Background information
- Origin: Berkeley, California Cincinnati, Ohio
- Genres: Indie rock; alternative hip hop; alternative rock;
- Years active: 2004–present
- Labels: Anticon; City Slang; Joyful Noise;
- Members: Yoni Wolf; Doug McDiarmid; Matt Meldon; Josiah Wolf; Mol Sullivan;
- Website: www.whywithaquestionmark.com/

= Why? (American band) =

American band

Why? (styled as WHY?) is an American alternative hip hop and indie rock band. The band was founded in 2004 by Cincinnati rapper and singer Yoni Wolf, who had been using Why? as his stage name since 1997. In addition to Wolf, who serves as lead vocalist and multi-instrumentalist, the band consists of multi-instrumentalists and backing vocalists Doug McDiarmid and Matt Meldon, and drummer and backing vocalist Josiah Wolf, who is Yoni Wolf's older brother.
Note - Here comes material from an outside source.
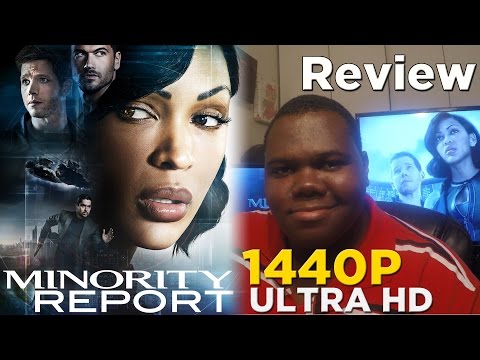 Minority Report TV Series Premiere Episode 1 Pilot ~ Biki Review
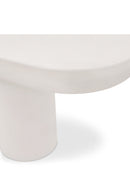 Modern European furniture - Indoor/Outdoor Concrete Bench - www.oroa.com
Why? has released eight studio albums, along with several extended plays, demo albums, and live albums, since their inception. Yoni Wolf's final solo album under the Why? moniker, 2003's Oaklandazulasylum, is typically considered part of the band's discography. Their first album as a full band was 2005's Elephant Eyelash. They followed this album with Alopecia (2008), Eskimo Snow (2009), Mumps, Etc. (2012), Moh Lhean (2017), AOKOHIO (2019), and The Well I Fell Into (2024).

==History==
In 2004, Yoni Wolf enlisted his older brother Josiah, Doug McDiarmid, and Matt Meldon and formed Why?. At this time, he stopped using 'Why?' as his personal stage name.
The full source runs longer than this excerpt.